The United States began using the Manas base shortly after it launched operations against Afghanistan following the Sept. 11, 2001, terrorist attacks.

In Uzbekistan, U.S. regional military chief General David Petraeus was discussing strengthening U.S. supply lines for troops in Afghanistan on Tuesday, the U.S. Embassy said.

As part of his visit, Petraeus met President Islam Karimov and other senior Uzbek officials to discuss Afghanistan, the U.S. Embassy in Tashkent said.

"He is here in Tashkent to listen to Uzbekistan's perspective ... on the situation in Afghanistan," an embassy spokeswoman said.
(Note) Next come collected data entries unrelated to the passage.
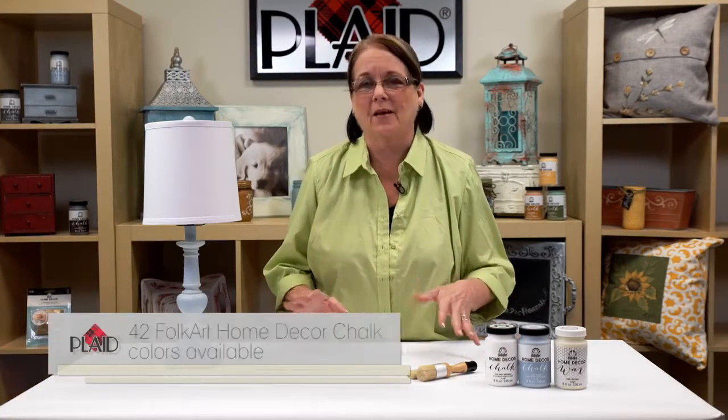Hi, I'm Donna Dewberry. I'm here at Plaid Enterprises and I am so happy to be here with you to share this wonderful new paint. It's Folk Art Home Decor Chalk. I love it and so will you. And the best part is that we're going to do a project today where you can pick out any color — we have amazing colors.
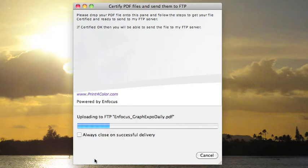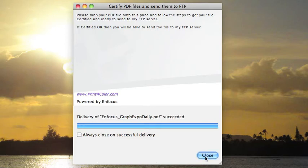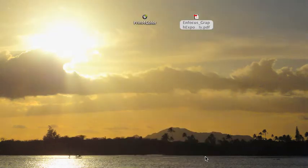I hit the send button. My file is being uploaded and delivered. It was successful, so my file is on the printer's FTP server.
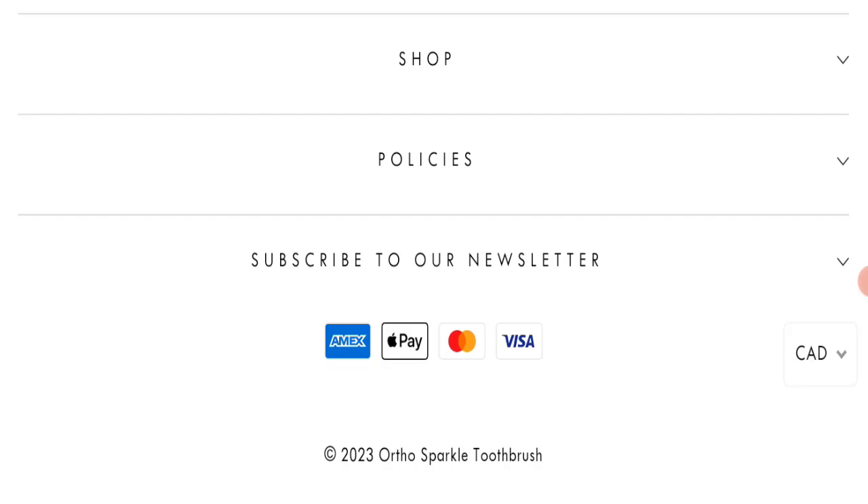In conclusion, Ortho Sparkle appears to be a scam website because it is very new, there are no customer reviews, and it is not active on any social media platform. Only the trust score is decent, but we cannot judge a website as legitimate based on trust score alone. We recommend you make a careful and informed decision before purchasing.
She declined to say whether a supply agreement might be signed during the visit.

A Western diplomat said this month that Washington was close to signing a deal with Uzbekistan that would allow U.S. nonmilitary rail cargo to transit through Uzbekistan on its way to Afghanistan.

RIA-Novosti cited an Uzbek government source as saying Petraeus would specifically raise the issue of alternative supply routes with Uzbek officials. Nonmilitary cargo includes building materials, food, medicine and water.